Nel documentario distribuito da Dogwoof e prodotto da Frontline PBS e The Associated Press, troupe e regista si ritrovano ad essere fra i pochi giornalisti internazionali nei territori appena invasi. Decidono di riprendere e girare il più possibile, dato che i segnali radio sono oscurati e le comunicazioni intermittenti o del tutto assenti. Ci consegnano un lavoro scrupoloso sul campo, un dramma di silenzi e frastuono che merita di essere visto.

Quella del reporter di guerra è una missione molto difficile. Oltre al rischio per la propria incolumità nell’effettuare riprese in zone di guerra, ad un passo da bombardamenti e postazioni di combattimento, è necessaria una vera e propria vocazione per resistere allo stress fisico e psicologico che si prova di fronte alle morti violente e alla distruzione. Un difficile equilibrio fra il desiderio di testimonianza storica e la capacità di seguire da vicino le tragedie umane, con rispetto e distacco, per non scadere nel voyerismo. Questa professione, così drammaticamente attuale, è fondamentale perché gli orrori dei conflitti armati non cadano nella “spirale del silenzio” mediatica.

In un documentario del genere, ricco di immagini crude come lo è la guerra, c’è tutta l’evidente assurdità di una distruzione che si sarebbe dovuta e potuta evitare. Fa un certo effetto, allo spettatore europeo, un’ambientazione così vicina: non si tratta di uno scenario mediorientale o di paesi lontani. Qui siamo ad un passo da casa nostra, ai confini di un’Europa non sempre coesa di fronte alle questioni politiche internazionali e nell’affrontare le sfide del futuro. Nel dibattito pubblico si discute da mesi delle strategie militari più adeguate e di un ritorno agli armamenti, che preoccupa non poco i cittadini europei. Ma il supporto all’Ucraina da parte dell’Unione Europea rappresenta la difesa dei valori democratici più alti.

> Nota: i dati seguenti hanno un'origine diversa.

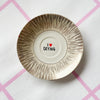 Vintage Wandteller "I <3 CRYING"– handbemalte Statement-Wanddeko aus Porzellan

Questo docufilm coraggioso, importante dal punto di vista giornalistico e storico, ha ricevuto il Premio Oscar 2024 per la categoria documentari, mentre al regista è stato consegnato il Premio Pulitzer 2023 per il miglior giornalismo di pubblico servizio. Il video reporter Mstyslav Chernov, insieme alla troupe, ci catapulta in quei primi drammatici giorni di conflitto. Ci porta nei bunker con le famiglie sfollate, nelle strade martoriate dalle bombe, negli ospedali con i medici sfiniti. Fra i palazzi sventrati, le auto carbonizzate e le macerie. Saremo tra i militari mentre avvistano l’avanzata dei carri armati nemici e, molto spesso, preferiremmo non vedere ciò che accade.

Dopo varie crisi economiche e la pandemia del 2020, mentre il mondo sembrava ripartire speranzoso, attento a nuovi modelli di sostenibilità socio-economica, l’Europa è ripiombata in un clima cupo e poco incoraggiante. Siamo convinti che questo lavoro possa supportare il popolo ucraino e sensibilizzare l’opinione pubblica sul conflitto in corso, che auspichiamo possa cessare al più presto.

*Con il termine Euromaidan si fa riferimento a numerose manifestazioni filoeuropee svoltesi a Kiev, in Ucraina, nel novembre 2013. Le proteste condannavano la decisione del governo di sospendere gli accordi di libero scambio tra Ucraina e Unione Europea. L’intervento delle forze governative contro i manifestanti diede inizio a un crescendo di violenze e alla rivoluzione ucraina del 2014, nonché alla messa in stato di accusa del presidente ucraino Viktor Janukovyč e alla sua fuga dai territori interessati.